• [Work instructions]: Present the lines below again, exactly as they stand.

_____

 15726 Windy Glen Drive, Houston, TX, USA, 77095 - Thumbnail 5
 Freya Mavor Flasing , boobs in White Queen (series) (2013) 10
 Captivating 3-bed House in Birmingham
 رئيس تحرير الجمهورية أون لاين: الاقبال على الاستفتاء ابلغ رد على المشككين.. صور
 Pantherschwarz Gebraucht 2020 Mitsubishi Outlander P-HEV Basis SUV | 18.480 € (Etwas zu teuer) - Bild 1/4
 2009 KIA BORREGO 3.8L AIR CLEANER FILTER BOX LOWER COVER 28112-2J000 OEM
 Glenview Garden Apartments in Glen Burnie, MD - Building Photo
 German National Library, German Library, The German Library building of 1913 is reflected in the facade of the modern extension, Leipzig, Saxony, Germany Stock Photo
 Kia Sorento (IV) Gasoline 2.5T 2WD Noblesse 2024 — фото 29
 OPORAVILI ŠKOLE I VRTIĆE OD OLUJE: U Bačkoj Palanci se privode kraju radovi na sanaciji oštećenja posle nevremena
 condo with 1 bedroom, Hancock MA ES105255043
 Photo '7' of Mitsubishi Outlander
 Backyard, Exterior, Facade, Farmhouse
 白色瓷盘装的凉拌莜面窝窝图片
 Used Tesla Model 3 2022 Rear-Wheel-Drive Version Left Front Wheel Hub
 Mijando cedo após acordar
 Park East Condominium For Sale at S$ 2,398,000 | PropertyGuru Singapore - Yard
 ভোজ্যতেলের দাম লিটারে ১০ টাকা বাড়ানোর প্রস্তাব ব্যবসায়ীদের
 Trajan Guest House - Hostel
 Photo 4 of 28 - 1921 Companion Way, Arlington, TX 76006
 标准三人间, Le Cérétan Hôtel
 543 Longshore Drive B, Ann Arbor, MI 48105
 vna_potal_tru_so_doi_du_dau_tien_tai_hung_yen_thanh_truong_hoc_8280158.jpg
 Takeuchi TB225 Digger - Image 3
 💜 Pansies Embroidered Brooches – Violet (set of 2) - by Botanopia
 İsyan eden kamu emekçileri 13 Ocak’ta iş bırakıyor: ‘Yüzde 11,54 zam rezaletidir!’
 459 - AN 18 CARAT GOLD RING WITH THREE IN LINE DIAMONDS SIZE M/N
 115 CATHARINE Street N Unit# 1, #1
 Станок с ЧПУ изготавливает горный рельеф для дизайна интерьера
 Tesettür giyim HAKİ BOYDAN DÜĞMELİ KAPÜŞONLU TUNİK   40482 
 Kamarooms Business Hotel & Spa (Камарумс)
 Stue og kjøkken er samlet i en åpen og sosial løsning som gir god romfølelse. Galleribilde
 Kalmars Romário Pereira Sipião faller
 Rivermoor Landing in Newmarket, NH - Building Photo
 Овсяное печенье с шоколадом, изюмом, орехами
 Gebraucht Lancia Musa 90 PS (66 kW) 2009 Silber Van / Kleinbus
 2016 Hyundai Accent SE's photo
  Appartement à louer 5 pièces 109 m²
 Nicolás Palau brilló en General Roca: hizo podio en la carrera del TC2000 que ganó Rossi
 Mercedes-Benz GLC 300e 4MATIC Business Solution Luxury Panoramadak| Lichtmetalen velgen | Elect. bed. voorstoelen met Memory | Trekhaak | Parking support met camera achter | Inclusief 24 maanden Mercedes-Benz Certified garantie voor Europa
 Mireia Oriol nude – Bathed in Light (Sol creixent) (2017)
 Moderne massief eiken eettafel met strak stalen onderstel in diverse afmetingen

_____

• [Result below]:
 15726 Windy Glen Drive, Houston, TX, USA, 77095 - Thumbnail 5
 Freya Mavor Flasing , boobs in White Queen (series) (2013) 10
 Captivating 3-bed House in Birmingham
 رئيس تحرير الجمهورية أون لاين: الاقبال على الاستفتاء ابلغ رد على المشككين.. صور
 Pantherschwarz Gebraucht 2020 Mitsubishi Outlander P-HEV Basis SUV | 18.480 € (Etwas zu teuer) - Bild 1/4
 2009 KIA BORREGO 3.8L AIR CLEANER FILTER BOX LOWER COVER 28112-2J000 OEM
 Glenview Garden Apartments in Glen Burnie, MD - Building Photo
 German National Library, German Library, The German Library building of 1913 is reflected in the facade of the modern extension, Leipzig, Saxony, Germany Stock Photo
 Kia Sorento (IV) Gasoline 2.5T 2WD Noblesse 2024 — фото 29
 OPORAVILI ŠKOLE I VRTIĆE OD OLUJE: U Bačkoj Palanci se privode kraju radovi na sanaciji oštećenja posle nevremena
 condo with 1 bedroom, Hancock MA ES105255043
 Photo '7' of Mitsubishi Outlander
 Backyard, Exterior, Facade, Farmhouse
 白色瓷盘装的凉拌莜面窝窝图片
 Used Tesla Model 3 2022 Rear-Wheel-Drive Version Left Front Wheel Hub
 Mijando cedo após acordar
 Park East Condominium For Sale at S$ 2,398,000 | PropertyGuru Singapore - Yard
 ভোজ্যতেলের দাম লিটারে ১০ টাকা বাড়ানোর প্রস্তাব ব্যবসায়ীদের
 Trajan Guest House - Hostel
 Photo 4 of 28 - 1921 Companion Way, Arlington, TX 76006
 标准三人间, Le Cérétan Hôtel
 543 Longshore Drive B, Ann Arbor, MI 48105
 vna_potal_tru_so_doi_du_dau_tien_tai_hung_yen_thanh_truong_hoc_8280158.jpg
 Takeuchi TB225 Digger - Image 3
 💜 Pansies Embroidered Brooches – Violet (set of 2) - by Botanopia
 İsyan eden kamu emekçileri 13 Ocak’ta iş bırakıyor: ‘Yüzde 11,54 zam rezaletidir!’
 459 - AN 18 CARAT GOLD RING WITH THREE IN LINE DIAMONDS SIZE M/N
 115 CATHARINE Street N Unit# 1, #1
 Станок с ЧПУ изготавливает горный рельеф для дизайна интерьера
 Tesettür giyim HAKİ BOYDAN DÜĞMELİ KAPÜŞONLU TUNİK   40482 
 Kamarooms Business Hotel & Spa (Камарумс)
 Stue og kjøkken er samlet i en åpen og sosial løsning som gir god romfølelse. Galleribilde
 Kalmars Romário Pereira Sipião faller
 Rivermoor Landing in Newmarket, NH - Building Photo
 Овсяное печенье с шоколадом, изюмом, орехами
 Gebraucht Lancia Musa 90 PS (66 kW) 2009 Silber Van / Kleinbus
 2016 Hyundai Accent SE's photo
  Appartement à louer 5 pièces 109 m²
 Nicolás Palau brilló en General Roca: hizo podio en la carrera del TC2000 que ganó Rossi
 Mercedes-Benz GLC 300e 4MATIC Business Solution Luxury Panoramadak| Lichtmetalen velgen | Elect. bed. voorstoelen met Memory | Trekhaak | Parking support met camera achter | Inclusief 24 maanden Mercedes-Benz Certified garantie voor Europa
 Mireia Oriol nude – Bathed in Light (Sol creixent) (2017)
 Moderne massief eiken eettafel met strak stalen onderstel in diverse afmetingen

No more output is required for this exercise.